Tristan Harris has argued that we now live in an ‘attention economy’, with social networks specifically designed to capture and monetise our awareness. Often, this is done by stoking outrage that keeps us glued to platforms longer. The attention you give online drives ad revenue, determines what TV shows stay on air, and who wins elections. The impact of this on our politics and social cohesion has been the subject of fierce debate in recent years. It’s widely agreed the way social media captures our attention is a significant issue, but what’s spoken of less is what kind of attention it captures.

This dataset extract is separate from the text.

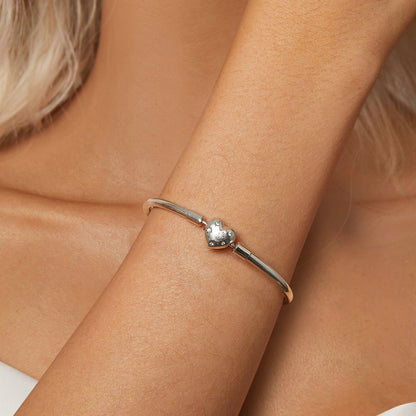 925 sterling silver white gold plated CZ heart bracelet for women, 17cm, by Bids.com on Tampa Home & Garden Store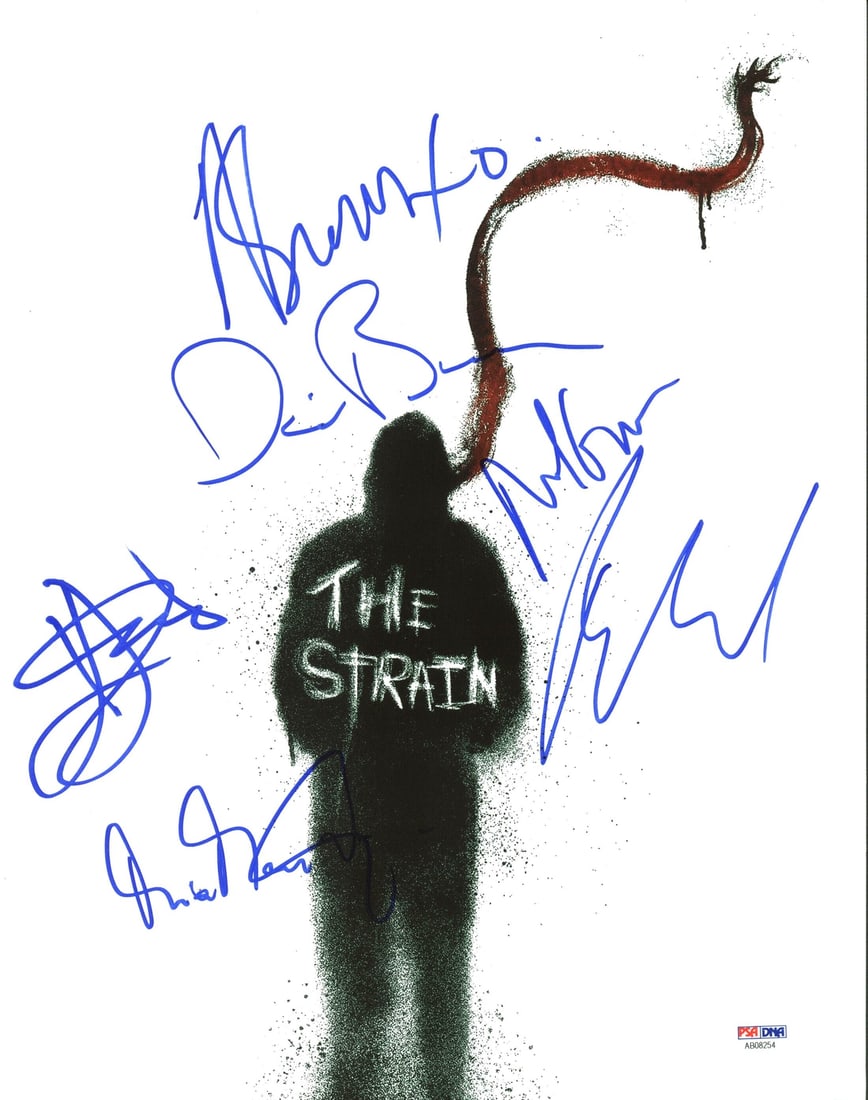 The Strain Signed 11X14 Photo by Maestro Bradley & Cast PSA/DNA: The Strain Signed 11X14 Photo by Maestro Bradley & Cast PSA/DNA This is an authentic signed 11x14 photo featuring Mia Maestro, David Bradley, Richard Sammel, Kevin Durand, Miguel Gomez, and Natalie Br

The bards who told the story of Beowulf, and their counterparts around the world in all times and places, are calling for something in particular when they ask for our attention. Their voice fills the world, and conversations peter out. The crackle of the fire against silence. Every eye is focused, every mind is present. When the storyteller speaks, they pull their words from somewhere beyond themselves; from the traditions and history of the group, and of the land. Let me take you away from here, to somewhere more real. Let me help you remember the stories that connect us, that help us remember who and what we are, and what we owe to this place.
This isn’t the same kind of attention we give to our Instagram and TikTok feeds. It is a ritualised form of intentional presence directed to a shared sense of meaning and history. In The Disappearance of Ritual, the philosopher Byung-Chul Han argues that our digital communication sacrifices this kind of deep attention and intensity with something shallow and extensive. Digital communication is defined by how much of it there is, rather than the quality of relatedness it gives us.

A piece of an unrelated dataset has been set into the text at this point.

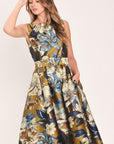 Flying Tomato Golden Meadow Floral Belted Midi Dress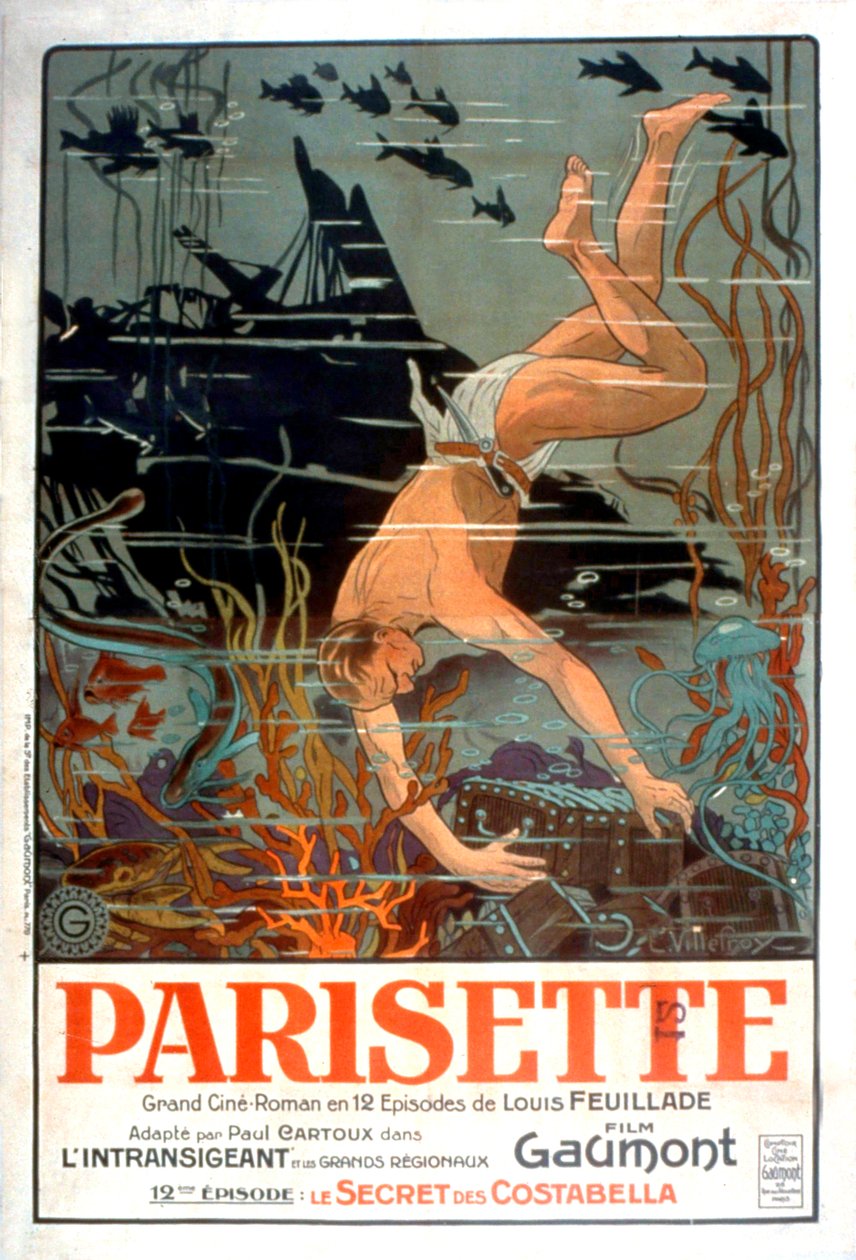 Louis Feuilladen Parisette-elokuvan juliste 1921 mykkäelokuva mykkäelokuva tekijältä Unbekannt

As a result, our digital commons has become commoditised and overrun by the cult of self. When we shout ‘listen!’ on social media, we are demanding that others ‘Listen to my story, listen to me.’ This couldn’t be farther from the fireside offering described above, in which our collective attention brings us into contact with a unifying story. Ritual is vital because it gives us a sense that we belong to the world. A sense of connectedness, whether to society, nature or the divine, is in turn linked to a sense of psychological wholeness and lower rates of mental illness.
Social media offers the opposite; connection without relatedness. However, our social networks aren’t going anywhere. In fact, the trend is toward more of the same: more time spent online, more immersive tech, more content. Mark Zuckerberg’s Metaverse has, predictably, been a complete failure. But with Apple’s Vision Pro and the growth of AI, we will increasingly see immersive technologies that threaten to deepen our collective disconnection.
We need to revive ritualistic practices and myth-making to feel at home in the world, and to feel bound to a deeper social purpose. Can our social networks ever become places that facilitate this kind of connectedness? Can we reclaim a new kind of ‘deep attention’ online, and what would that look like?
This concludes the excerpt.